Start with the first line of the data and end with the line that holds "Hotel Nobel Rimini Buitenkant foto"; write out each one exactly.

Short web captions
|---|

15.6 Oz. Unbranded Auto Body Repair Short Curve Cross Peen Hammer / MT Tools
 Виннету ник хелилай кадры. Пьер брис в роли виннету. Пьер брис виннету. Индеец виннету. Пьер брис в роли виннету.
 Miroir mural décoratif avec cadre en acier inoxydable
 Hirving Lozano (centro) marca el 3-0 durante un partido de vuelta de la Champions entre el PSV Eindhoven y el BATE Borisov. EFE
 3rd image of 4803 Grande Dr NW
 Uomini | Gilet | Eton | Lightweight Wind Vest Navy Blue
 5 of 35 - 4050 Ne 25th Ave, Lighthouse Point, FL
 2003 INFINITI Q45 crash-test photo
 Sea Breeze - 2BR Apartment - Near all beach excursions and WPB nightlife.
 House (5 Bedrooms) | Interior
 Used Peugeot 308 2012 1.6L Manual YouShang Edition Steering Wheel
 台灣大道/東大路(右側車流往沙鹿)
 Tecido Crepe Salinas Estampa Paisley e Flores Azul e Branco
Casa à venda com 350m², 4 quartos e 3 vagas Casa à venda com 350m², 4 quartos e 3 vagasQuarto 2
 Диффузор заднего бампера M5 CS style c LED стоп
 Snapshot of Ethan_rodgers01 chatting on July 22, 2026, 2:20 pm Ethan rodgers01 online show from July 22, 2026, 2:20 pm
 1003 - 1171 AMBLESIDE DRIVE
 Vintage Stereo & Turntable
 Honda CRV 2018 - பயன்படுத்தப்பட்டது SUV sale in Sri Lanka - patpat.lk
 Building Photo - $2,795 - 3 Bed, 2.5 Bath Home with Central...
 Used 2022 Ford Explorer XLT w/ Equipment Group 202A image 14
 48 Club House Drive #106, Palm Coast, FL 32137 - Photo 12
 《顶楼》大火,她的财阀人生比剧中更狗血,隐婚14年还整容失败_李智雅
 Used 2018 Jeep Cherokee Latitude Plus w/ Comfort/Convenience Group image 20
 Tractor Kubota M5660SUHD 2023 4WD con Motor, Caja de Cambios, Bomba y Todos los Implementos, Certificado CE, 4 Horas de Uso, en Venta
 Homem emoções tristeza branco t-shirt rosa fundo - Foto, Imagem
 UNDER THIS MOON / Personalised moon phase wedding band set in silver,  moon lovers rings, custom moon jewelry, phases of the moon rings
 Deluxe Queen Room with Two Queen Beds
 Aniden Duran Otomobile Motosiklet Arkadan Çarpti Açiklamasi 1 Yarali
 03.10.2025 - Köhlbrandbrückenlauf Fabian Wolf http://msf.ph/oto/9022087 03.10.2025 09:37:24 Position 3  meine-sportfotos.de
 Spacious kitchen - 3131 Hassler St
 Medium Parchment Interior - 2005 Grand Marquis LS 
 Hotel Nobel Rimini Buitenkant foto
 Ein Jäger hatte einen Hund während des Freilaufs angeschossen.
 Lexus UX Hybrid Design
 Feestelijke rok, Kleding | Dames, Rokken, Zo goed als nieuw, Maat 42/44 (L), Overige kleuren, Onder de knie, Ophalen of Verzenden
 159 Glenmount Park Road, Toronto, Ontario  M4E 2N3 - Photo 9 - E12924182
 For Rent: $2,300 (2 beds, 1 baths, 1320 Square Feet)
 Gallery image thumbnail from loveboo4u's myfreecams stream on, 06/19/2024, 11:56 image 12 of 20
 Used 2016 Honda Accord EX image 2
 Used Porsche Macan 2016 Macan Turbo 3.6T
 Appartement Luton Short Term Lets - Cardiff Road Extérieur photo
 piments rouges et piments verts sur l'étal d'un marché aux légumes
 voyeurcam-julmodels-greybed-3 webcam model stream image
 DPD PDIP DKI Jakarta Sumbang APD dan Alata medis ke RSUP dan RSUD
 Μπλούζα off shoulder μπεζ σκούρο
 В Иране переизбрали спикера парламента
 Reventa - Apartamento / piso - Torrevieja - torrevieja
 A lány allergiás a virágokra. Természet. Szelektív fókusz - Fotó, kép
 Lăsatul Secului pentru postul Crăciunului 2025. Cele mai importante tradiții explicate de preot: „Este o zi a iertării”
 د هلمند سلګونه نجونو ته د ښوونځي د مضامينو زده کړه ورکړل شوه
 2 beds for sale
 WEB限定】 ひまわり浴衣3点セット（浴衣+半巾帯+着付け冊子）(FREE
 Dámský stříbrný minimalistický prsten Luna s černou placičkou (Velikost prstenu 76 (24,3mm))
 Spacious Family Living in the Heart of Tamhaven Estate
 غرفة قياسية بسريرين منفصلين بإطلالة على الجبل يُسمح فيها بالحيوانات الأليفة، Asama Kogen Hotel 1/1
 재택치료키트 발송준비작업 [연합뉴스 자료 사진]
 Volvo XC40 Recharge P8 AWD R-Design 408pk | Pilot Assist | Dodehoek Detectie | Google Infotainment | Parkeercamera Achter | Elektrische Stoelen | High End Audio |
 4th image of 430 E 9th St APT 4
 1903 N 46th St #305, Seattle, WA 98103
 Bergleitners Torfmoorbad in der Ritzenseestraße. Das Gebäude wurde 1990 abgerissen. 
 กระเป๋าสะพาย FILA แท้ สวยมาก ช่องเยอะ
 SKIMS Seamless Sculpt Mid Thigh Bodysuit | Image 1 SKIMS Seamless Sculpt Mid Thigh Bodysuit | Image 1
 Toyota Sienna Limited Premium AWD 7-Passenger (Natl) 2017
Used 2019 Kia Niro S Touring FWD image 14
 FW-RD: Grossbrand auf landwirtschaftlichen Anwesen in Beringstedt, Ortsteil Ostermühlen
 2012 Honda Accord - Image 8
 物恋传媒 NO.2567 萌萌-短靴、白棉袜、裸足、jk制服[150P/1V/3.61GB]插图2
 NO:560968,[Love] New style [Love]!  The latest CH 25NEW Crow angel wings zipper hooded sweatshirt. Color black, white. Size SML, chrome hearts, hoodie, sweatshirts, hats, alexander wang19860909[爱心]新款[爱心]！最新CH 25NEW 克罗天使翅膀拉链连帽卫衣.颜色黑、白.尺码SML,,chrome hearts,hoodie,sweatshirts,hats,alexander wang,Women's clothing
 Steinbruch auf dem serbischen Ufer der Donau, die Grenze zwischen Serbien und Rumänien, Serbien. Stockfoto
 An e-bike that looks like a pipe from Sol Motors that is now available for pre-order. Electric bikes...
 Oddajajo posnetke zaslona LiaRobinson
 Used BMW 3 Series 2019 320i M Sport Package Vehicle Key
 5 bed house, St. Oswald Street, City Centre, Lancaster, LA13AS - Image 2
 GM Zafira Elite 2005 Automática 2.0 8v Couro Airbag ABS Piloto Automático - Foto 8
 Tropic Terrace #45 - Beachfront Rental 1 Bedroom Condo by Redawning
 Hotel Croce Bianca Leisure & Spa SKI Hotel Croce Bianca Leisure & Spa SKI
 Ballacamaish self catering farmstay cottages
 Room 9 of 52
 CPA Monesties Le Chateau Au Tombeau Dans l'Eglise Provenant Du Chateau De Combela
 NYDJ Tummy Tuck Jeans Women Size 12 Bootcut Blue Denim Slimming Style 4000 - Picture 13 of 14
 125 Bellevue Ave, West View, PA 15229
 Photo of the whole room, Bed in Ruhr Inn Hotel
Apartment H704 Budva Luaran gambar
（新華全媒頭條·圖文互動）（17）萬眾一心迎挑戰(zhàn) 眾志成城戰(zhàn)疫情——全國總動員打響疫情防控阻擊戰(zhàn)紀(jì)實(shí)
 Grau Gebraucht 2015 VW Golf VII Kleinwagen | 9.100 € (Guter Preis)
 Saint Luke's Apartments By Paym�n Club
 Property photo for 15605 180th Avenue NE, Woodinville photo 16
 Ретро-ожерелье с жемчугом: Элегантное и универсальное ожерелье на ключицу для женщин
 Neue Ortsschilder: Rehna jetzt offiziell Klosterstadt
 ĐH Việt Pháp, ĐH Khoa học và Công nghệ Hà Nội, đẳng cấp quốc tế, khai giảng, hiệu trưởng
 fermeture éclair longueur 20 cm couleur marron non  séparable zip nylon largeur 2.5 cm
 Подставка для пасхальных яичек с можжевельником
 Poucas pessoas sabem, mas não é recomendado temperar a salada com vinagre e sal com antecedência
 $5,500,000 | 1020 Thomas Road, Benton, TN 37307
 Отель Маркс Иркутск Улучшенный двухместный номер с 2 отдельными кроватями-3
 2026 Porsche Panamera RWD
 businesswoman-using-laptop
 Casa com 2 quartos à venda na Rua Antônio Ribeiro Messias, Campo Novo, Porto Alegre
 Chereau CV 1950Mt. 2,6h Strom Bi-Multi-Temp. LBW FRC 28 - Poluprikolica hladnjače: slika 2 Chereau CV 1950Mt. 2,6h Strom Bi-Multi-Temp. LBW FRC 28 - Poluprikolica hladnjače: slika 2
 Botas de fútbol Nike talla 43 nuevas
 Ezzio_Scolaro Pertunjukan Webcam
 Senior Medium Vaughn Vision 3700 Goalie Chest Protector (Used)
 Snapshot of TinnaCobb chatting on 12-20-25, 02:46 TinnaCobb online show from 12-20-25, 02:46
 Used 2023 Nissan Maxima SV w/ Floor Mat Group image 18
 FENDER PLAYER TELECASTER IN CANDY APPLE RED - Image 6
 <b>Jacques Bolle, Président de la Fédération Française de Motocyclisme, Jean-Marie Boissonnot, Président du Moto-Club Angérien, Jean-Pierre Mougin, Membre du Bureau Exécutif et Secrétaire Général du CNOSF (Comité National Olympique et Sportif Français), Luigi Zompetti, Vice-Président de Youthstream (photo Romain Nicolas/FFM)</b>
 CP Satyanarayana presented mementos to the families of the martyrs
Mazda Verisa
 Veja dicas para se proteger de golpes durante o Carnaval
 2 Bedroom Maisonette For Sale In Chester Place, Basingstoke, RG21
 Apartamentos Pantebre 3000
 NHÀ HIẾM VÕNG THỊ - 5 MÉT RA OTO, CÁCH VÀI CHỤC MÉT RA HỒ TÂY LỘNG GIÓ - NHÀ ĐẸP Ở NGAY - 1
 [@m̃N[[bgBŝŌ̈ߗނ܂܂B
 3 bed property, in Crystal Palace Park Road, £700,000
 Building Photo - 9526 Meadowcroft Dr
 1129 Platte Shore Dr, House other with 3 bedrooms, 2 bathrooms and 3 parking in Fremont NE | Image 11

|---|

(Answer to this task):
15.6 Oz. Unbranded Auto Body Repair Short Curve Cross Peen Hammer / MT Tools
 Виннету ник хелилай кадры. Пьер брис в роли виннету. Пьер брис виннету. Индеец виннету. Пьер брис в роли виннету.
 Miroir mural décoratif avec cadre en acier inoxydable
 Hirving Lozano (centro) marca el 3-0 durante un partido de vuelta de la Champions entre el PSV Eindhoven y el BATE Borisov. EFE
 3rd image of 4803 Grande Dr NW
 Uomini | Gilet | Eton | Lightweight Wind Vest Navy Blue
 5 of 35 - 4050 Ne 25th Ave, Lighthouse Point, FL
 2003 INFINITI Q45 crash-test photo
 Sea Breeze - 2BR Apartment - Near all beach excursions and WPB nightlife.
 House (5 Bedrooms) | Interior
 Used Peugeot 308 2012 1.6L Manual YouShang Edition Steering Wheel
 台灣大道/東大路(右側車流往沙鹿)
 Tecido Crepe Salinas Estampa Paisley e Flores Azul e Branco
Casa à venda com 350m², 4 quartos e 3 vagas Casa à venda com 350m², 4 quartos e 3 vagasQuarto 2
 Диффузор заднего бампера M5 CS style c LED стоп
 Snapshot of Ethan_rodgers01 chatting on July 22, 2026, 2:20 pm Ethan rodgers01 online show from July 22, 2026, 2:20 pm
 1003 - 1171 AMBLESIDE DRIVE
 Vintage Stereo & Turntable
 Honda CRV 2018 - பயன்படுத்தப்பட்டது SUV sale in Sri Lanka - patpat.lk
 Building Photo - $2,795 - 3 Bed, 2.5 Bath Home with Central...
 Used 2022 Ford Explorer XLT w/ Equipment Group 202A image 14
 48 Club House Drive #106, Palm Coast, FL 32137 - Photo 12
 《顶楼》大火,她的财阀人生比剧中更狗血,隐婚14年还整容失败_李智雅
 Used 2018 Jeep Cherokee Latitude Plus w/ Comfort/Convenience Group image 20
 Tractor Kubota M5660SUHD 2023 4WD con Motor, Caja de Cambios, Bomba y Todos los Implementos, Certificado CE, 4 Horas de Uso, en Venta
 Homem emoções tristeza branco t-shirt rosa fundo - Foto, Imagem
 UNDER THIS MOON / Personalised moon phase wedding band set in silver,  moon lovers rings, custom moon jewelry, phases of the moon rings
 Deluxe Queen Room with Two Queen Beds
 Aniden Duran Otomobile Motosiklet Arkadan Çarpti Açiklamasi 1 Yarali
 03.10.2025 - Köhlbrandbrückenlauf Fabian Wolf http://msf.ph/oto/9022087 03.10.2025 09:37:24 Position 3  meine-sportfotos.de
 Spacious kitchen - 3131 Hassler St
 Medium Parchment Interior - 2005 Grand Marquis LS 
 Hotel Nobel Rimini Buitenkant foto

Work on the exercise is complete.